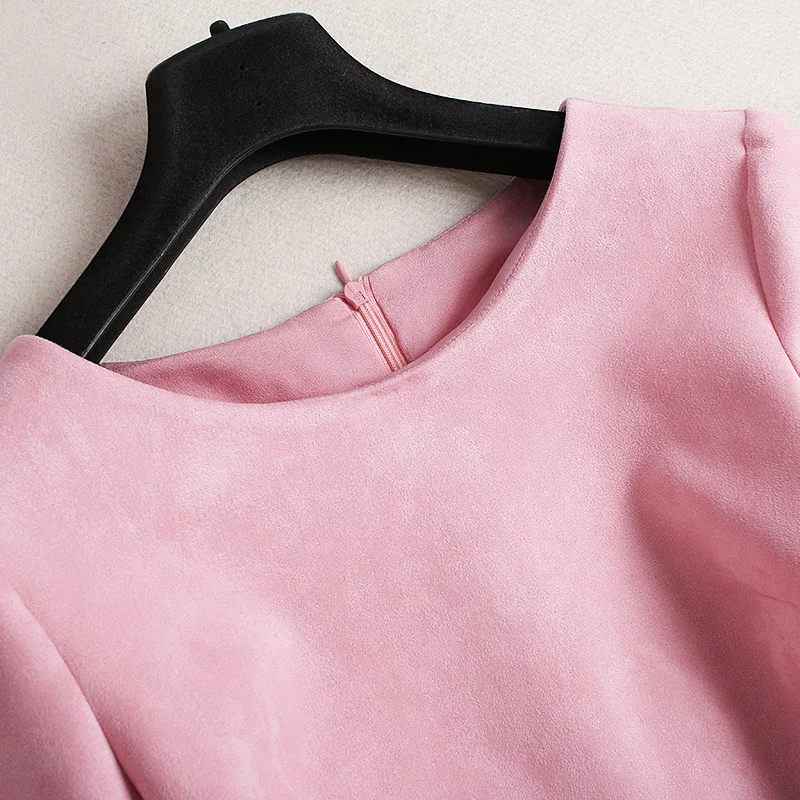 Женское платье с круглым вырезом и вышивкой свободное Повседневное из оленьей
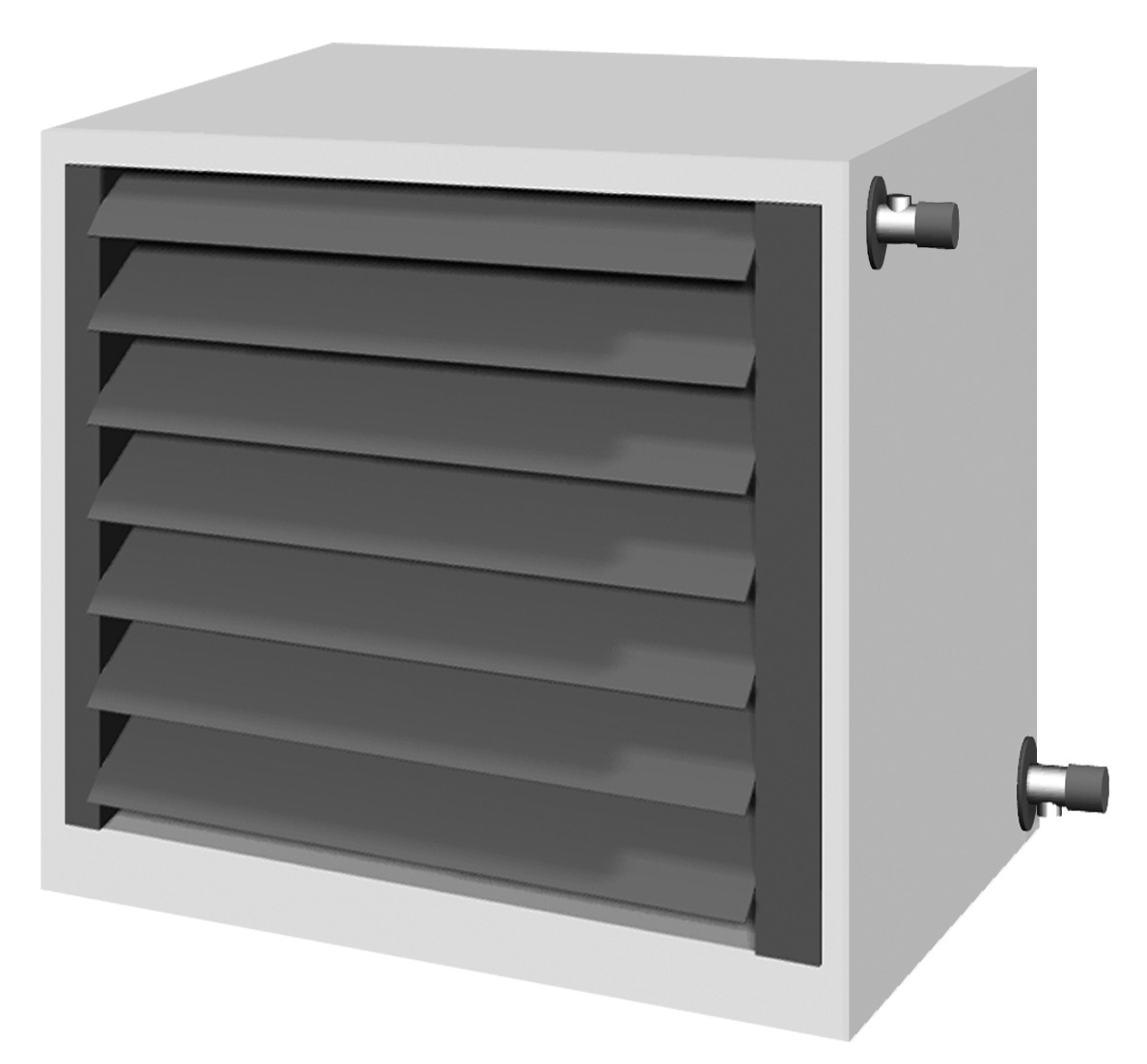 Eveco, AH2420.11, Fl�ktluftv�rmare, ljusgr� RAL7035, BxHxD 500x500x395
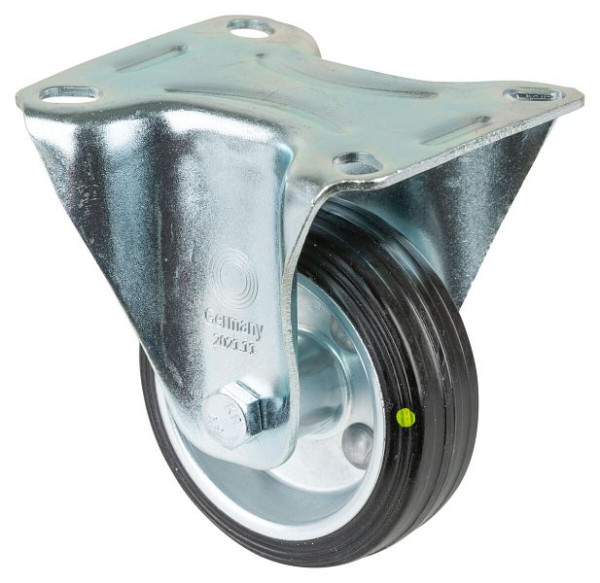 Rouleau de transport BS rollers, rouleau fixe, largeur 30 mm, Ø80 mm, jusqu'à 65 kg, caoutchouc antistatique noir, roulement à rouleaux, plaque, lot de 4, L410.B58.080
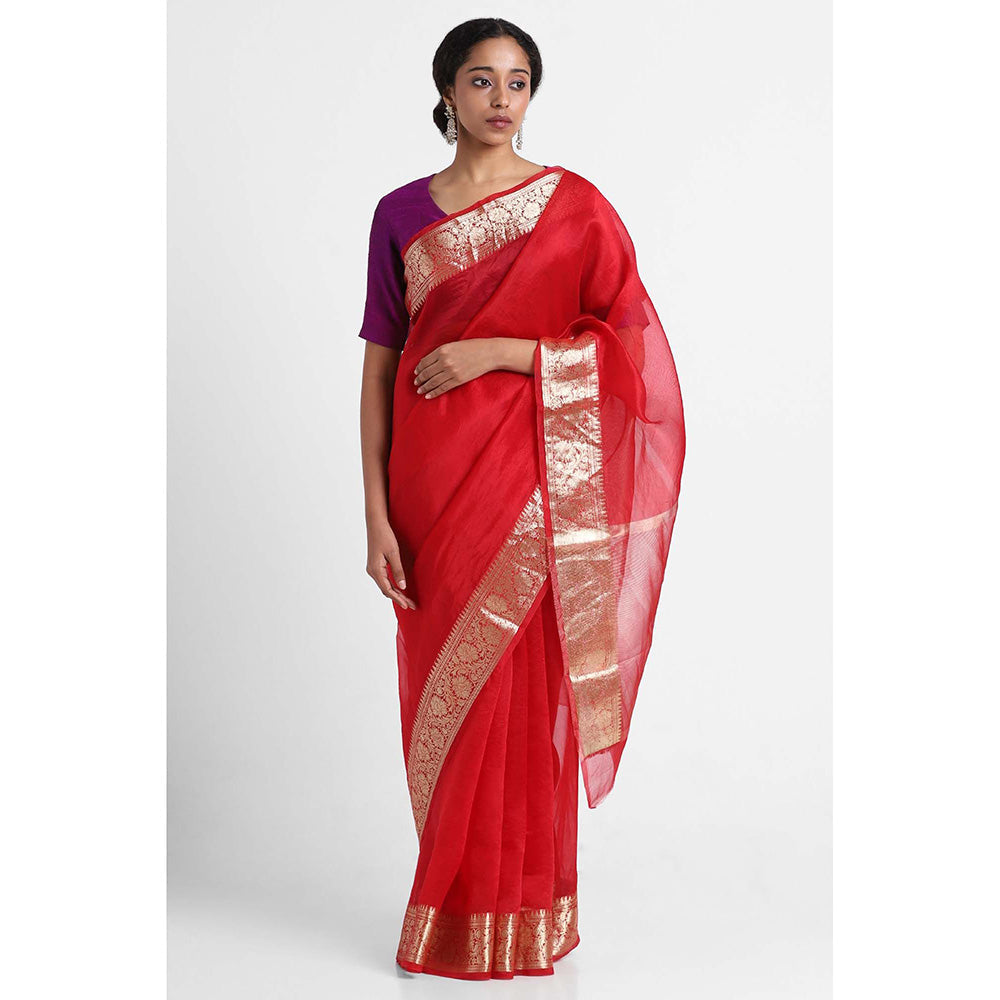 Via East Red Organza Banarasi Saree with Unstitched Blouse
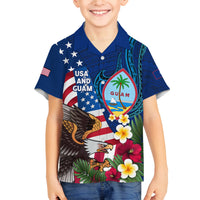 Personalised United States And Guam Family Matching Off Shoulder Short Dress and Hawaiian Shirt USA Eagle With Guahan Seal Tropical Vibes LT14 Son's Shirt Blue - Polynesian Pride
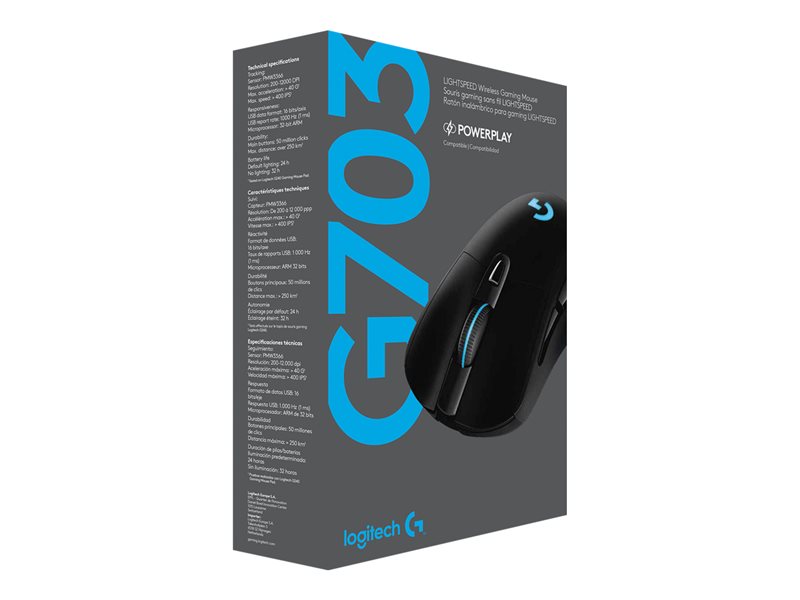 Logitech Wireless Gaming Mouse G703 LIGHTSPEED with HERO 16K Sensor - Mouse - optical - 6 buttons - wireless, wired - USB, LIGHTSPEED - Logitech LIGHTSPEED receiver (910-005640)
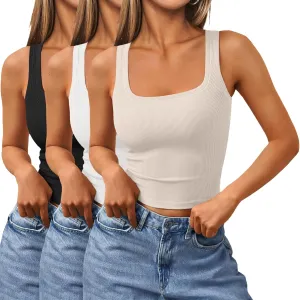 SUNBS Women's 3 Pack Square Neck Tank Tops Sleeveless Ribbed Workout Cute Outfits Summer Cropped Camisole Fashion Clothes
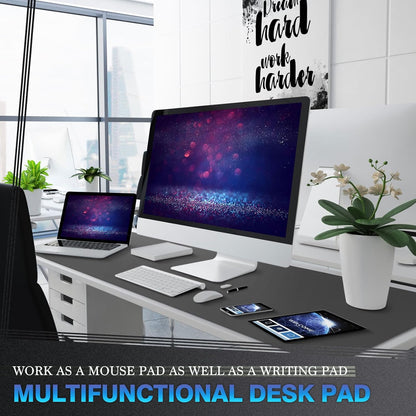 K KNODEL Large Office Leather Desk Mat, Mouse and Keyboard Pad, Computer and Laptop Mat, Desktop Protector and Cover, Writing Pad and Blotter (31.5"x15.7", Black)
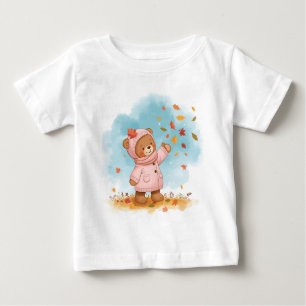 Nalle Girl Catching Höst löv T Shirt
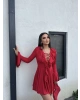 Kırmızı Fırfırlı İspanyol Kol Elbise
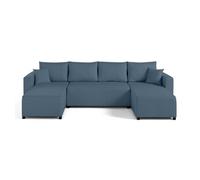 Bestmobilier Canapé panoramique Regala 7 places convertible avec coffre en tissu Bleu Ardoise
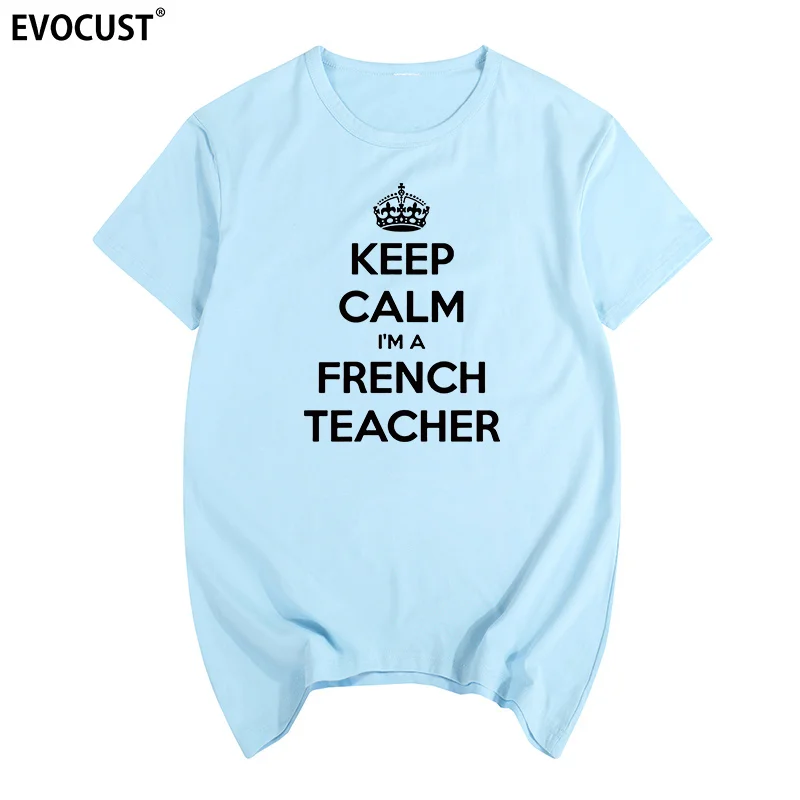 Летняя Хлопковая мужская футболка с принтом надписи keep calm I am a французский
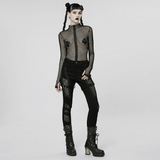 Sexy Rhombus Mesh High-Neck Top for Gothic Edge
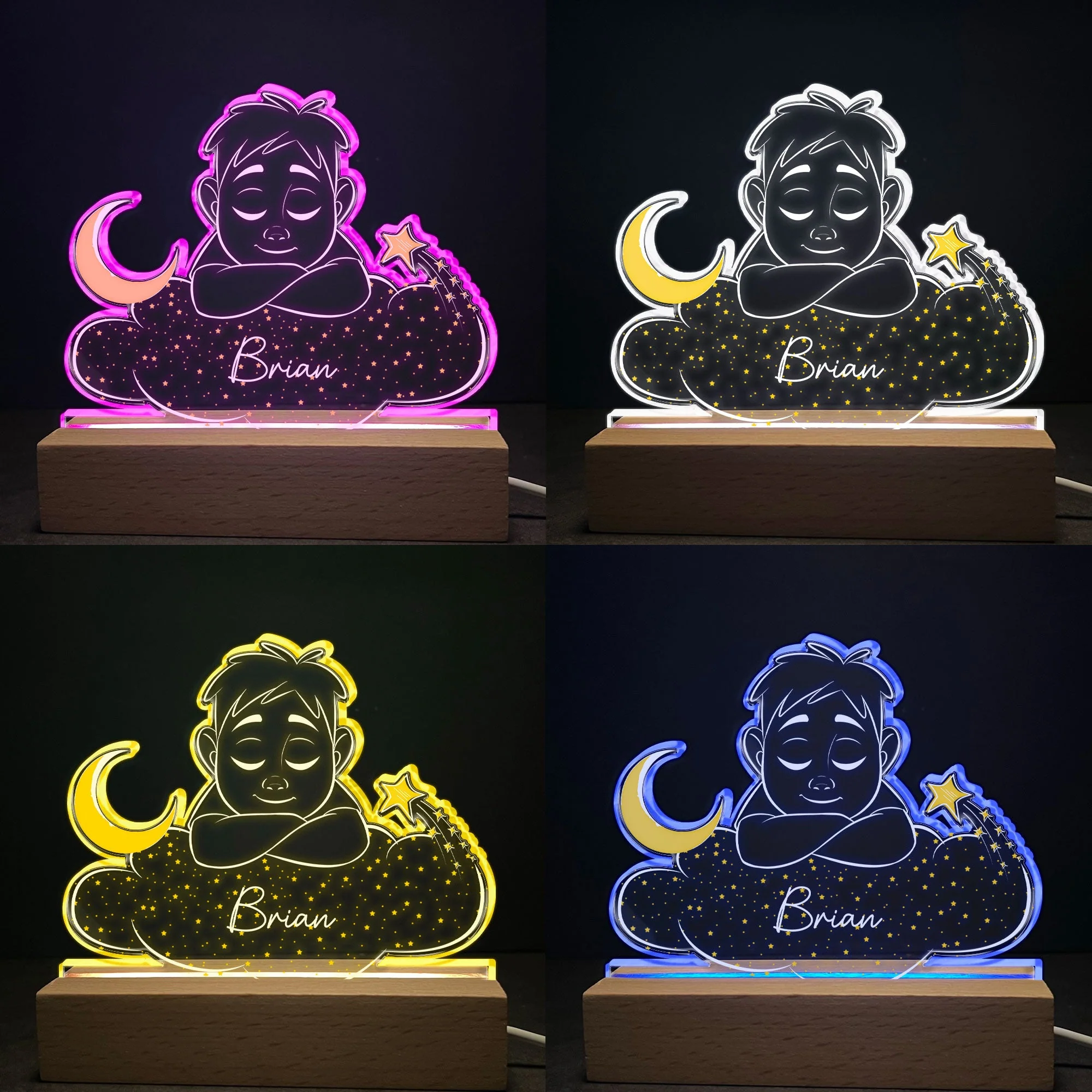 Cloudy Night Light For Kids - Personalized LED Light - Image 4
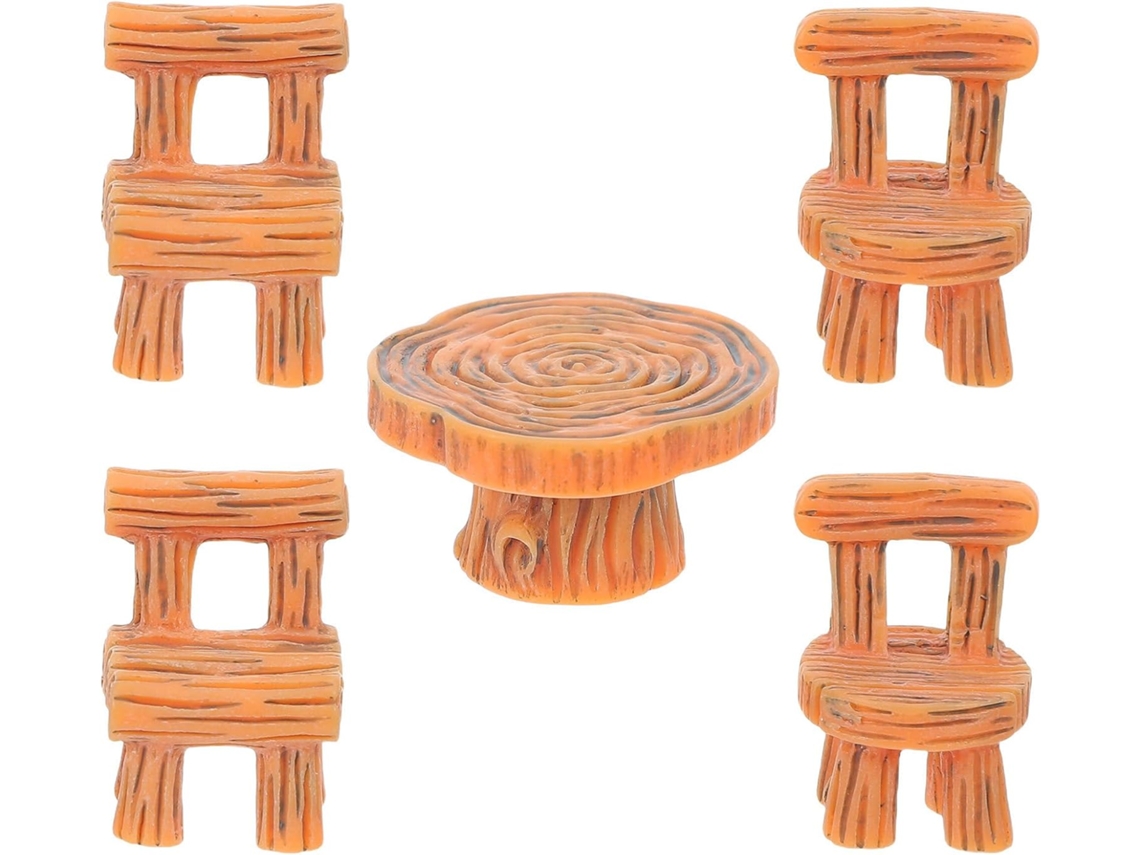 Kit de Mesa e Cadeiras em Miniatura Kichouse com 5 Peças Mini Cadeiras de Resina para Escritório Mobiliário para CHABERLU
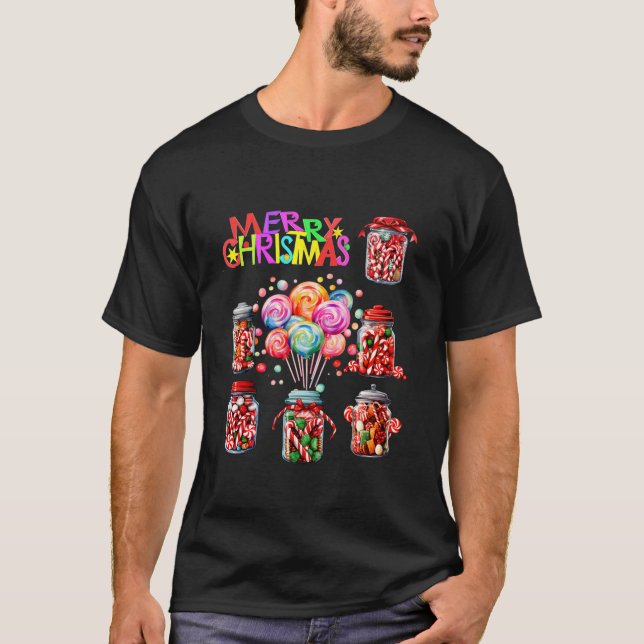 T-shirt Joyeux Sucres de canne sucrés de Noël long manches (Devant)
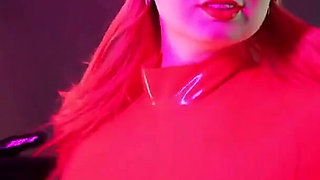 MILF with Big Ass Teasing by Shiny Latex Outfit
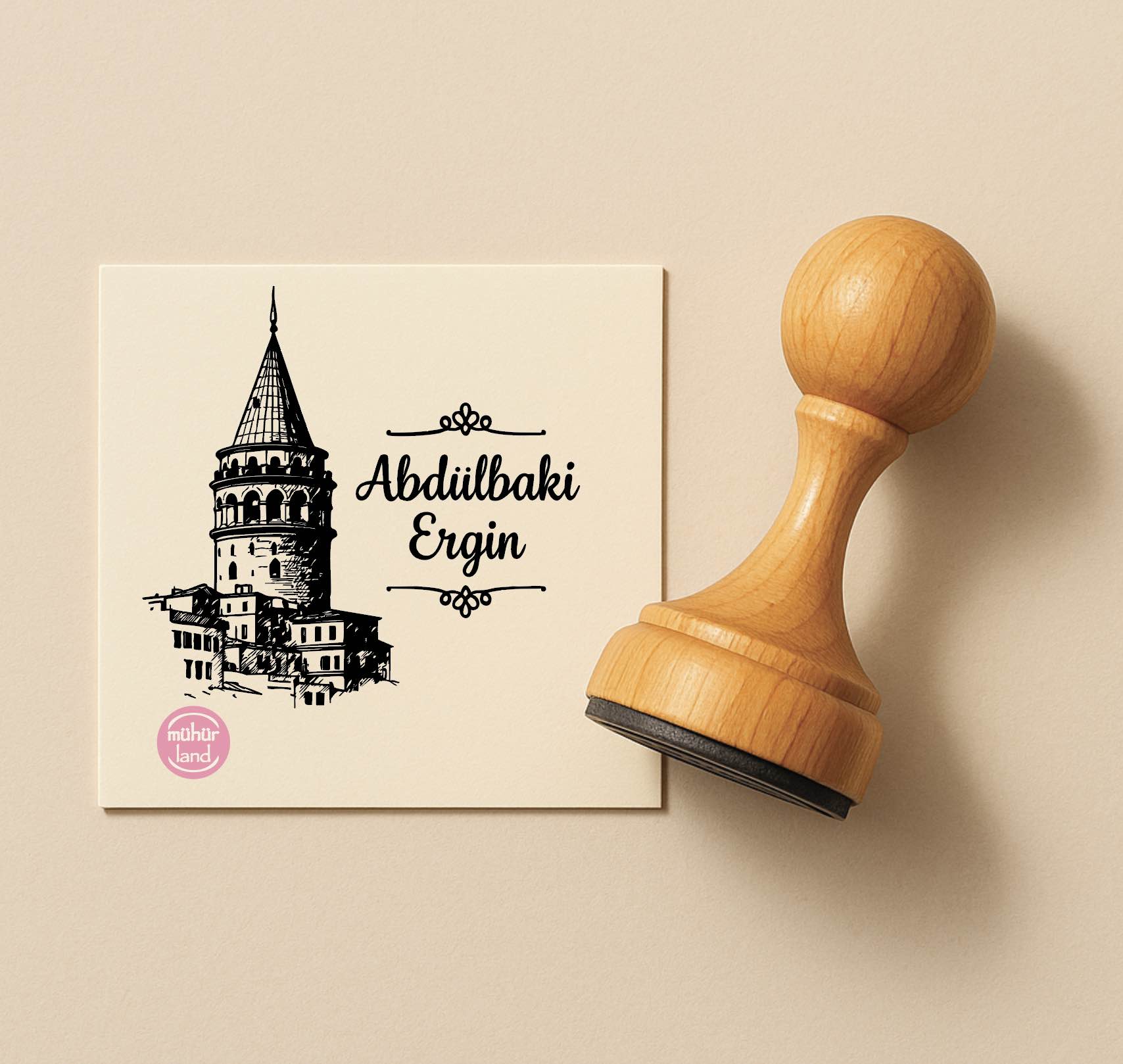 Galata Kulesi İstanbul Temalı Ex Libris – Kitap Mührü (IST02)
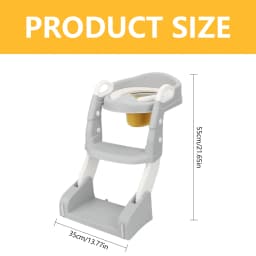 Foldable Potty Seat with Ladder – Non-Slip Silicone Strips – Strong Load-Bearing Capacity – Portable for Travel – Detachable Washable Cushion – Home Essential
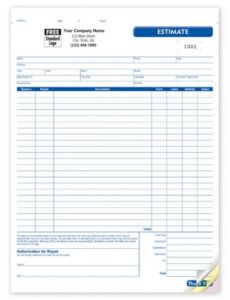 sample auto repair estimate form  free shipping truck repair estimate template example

What to produce >>
The reply should consist only of the lines from the top of the material above through the line with "Via East Red", printed exactly, pictures omitted.

Solution to this problem >>
 Женское платье с круглым вырезом и вышивкой свободное Повседневное из оленьей
 Eveco, AH2420.11, Fl�ktluftv�rmare, ljusgr� RAL7035, BxHxD 500x500x395
 Rouleau de transport BS rollers, rouleau fixe, largeur 30 mm, Ø80 mm, jusqu'à 65 kg, caoutchouc antistatique noir, roulement à rouleaux, plaque, lot de 4, L410.B58.080
 Via East Red Organza Banarasi Saree with Unstitched Blouse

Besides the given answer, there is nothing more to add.